The RBA modelling estimates that manufacturing output in 2013 was about 5 per cent below what it would have been without the mining boom. Consumer demand for motor vehicles and other consumer durables increased strongly, reflecting lower import prices and strong income growth. Little or none of the increase in motor vehicle sales came from domestic production. Growing consumer preference for SUVs was the major factor in the contraction in the market share of locally manufactured vehicles. Australian manufacturers, except Ford, did not manufacture these vehicles and could not adapt to this change in consumers' preferences. The paper’s Graph 9 reveals that motor vehicle sales were above 40% higher than they would have been in the absence of the mining boom. The local auto industry declined, despite the very large growth in incomes. The sales
increase in 2015 was accounted for solely by SUVs, especially small ones. Protection could not assist local industry in these circumstances..
There are international examples of where industry protection has fostered economic growth, mainly in the early stages of industrialisation or when a country was recovering from wartime devastation. The USA, Germany, Japan and South Korea are among those countries. Import protection is not what sustains their industries now. Historically, protection in Australia has helped many industries. Few have ever managed to become securely mature, able to stand on their own feet without assistance. Protection went hand-in-hand with the strategy of developing Australia in the second half of the twentieth century. Protected industries provided employment for the immigrants that Australia encouraged for thirty or forty years after the War.
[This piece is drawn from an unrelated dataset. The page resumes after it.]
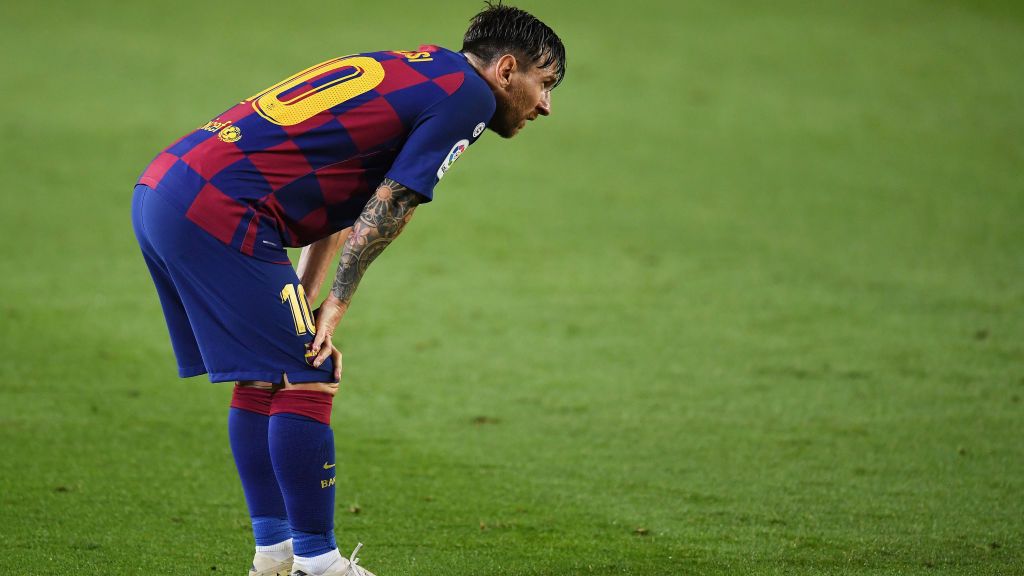 Tanpa mau menyakiti klub, Lionel Messi akhirnya memutuskan untuk bertahan di Barcelona, meski hati berkata dirinya harus pergi di bursa transfer musim panas ini Copyright: © David Ramos/Getty Images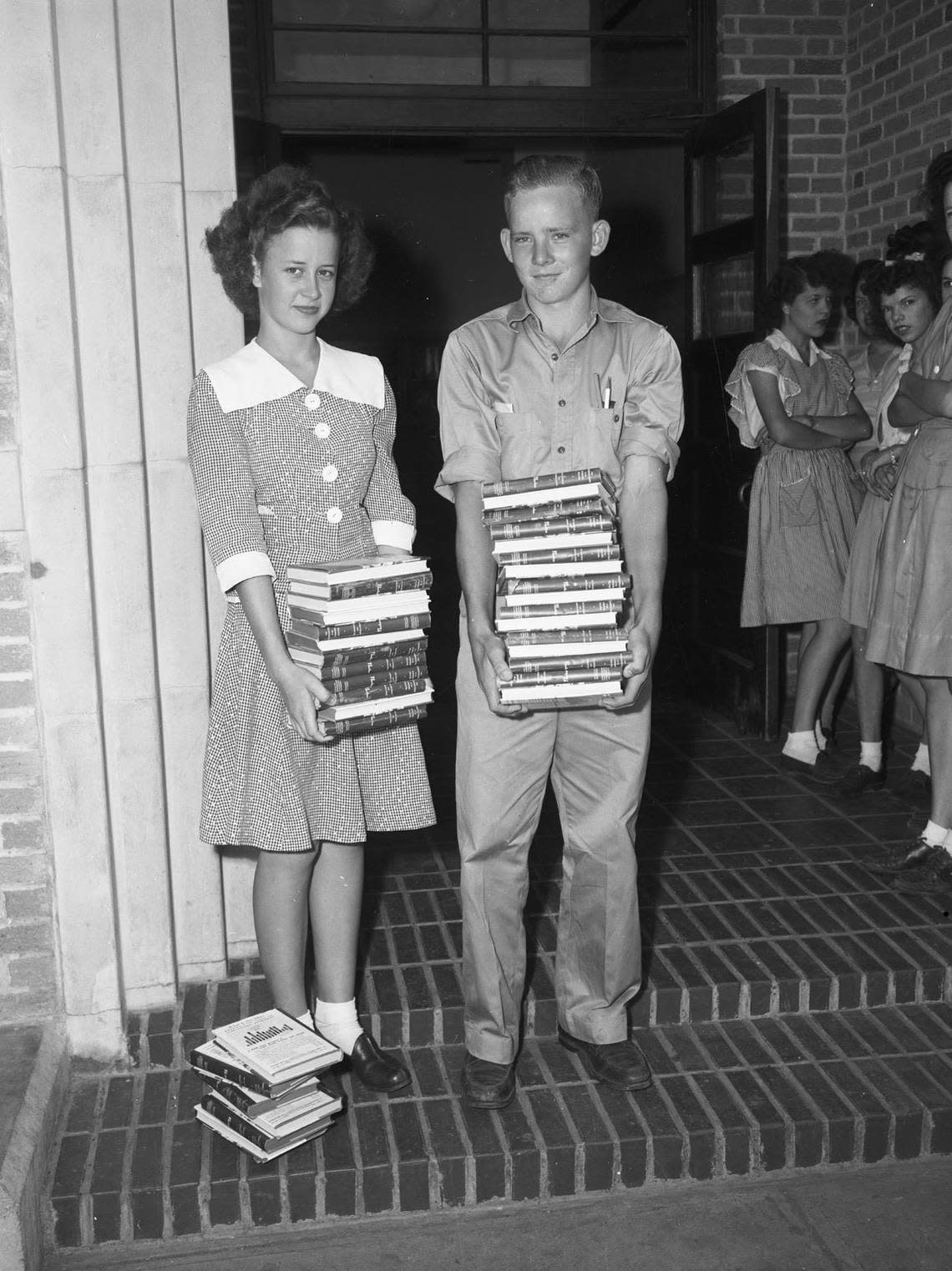 Oct. 16, 1944: Keller High School’s Jonnie Lee Carpenter, left, and Lewis Brown, just received the books needed for the United States Constitution quiz contest. The Star-Telegram paid all expenses of the contest. Fort Worth Star-Telegram archive/UT Arlington Special Collections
Even if protection were reintroduced here there is no guarantee that new businesses would be established in those areas now in decline. Government finances (maybe NSW excepted) would prevent the States from offering the tremendous incentives of the past, so critical in SA’s industrialisation. As in the oil refining industry, economies of scale applying to new manufacturing plants would not be available to an auto maker producing only for the Australian market - reducing the influence of any hypothetically possible level of tariff protection.
The consequences for regions heavily reliant on manufacturing, especially vehicle manufacturing, are grim. The 2006 Flinders/Mitsubishi
study cited by don_dunstan, identifies the human and social costs of concentrated unemployment that had then only just begun. Things have got no better, and will likely worsen, with the Holden closure next year. It’s hard to disagree with dd’s comments on the lack of alternative employment opportunities and the largely futile retraining programs. Some American cities, e.g. Pittsburgh, have been able to initiate new employment-generating programs post de-industrialisation, based mainly on industries, including computer software, biotechnology, education and health care. Others, Detroit and Cleveland, come to mind, have had much less success. Pittsburgh’s success is not easy to emulate quickly. Its new industries hardly resembled the ones they replaced. A New York Times
article in 2009 reviewed Pittsburgh’s experience.